┌─ The data

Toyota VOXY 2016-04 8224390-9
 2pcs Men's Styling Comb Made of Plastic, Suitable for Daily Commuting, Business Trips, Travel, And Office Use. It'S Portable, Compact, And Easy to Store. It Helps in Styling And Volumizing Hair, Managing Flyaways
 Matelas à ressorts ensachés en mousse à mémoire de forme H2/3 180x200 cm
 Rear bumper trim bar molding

└─

Problem to work on:
Reproduce exactly, with nothing added, the lines from the one that contains "Matelas à ressorts" to the end of the data.

The completed task:
 Matelas à ressorts ensachés en mousse à mémoire de forme H2/3 180x200 cm
 Rear bumper trim bar molding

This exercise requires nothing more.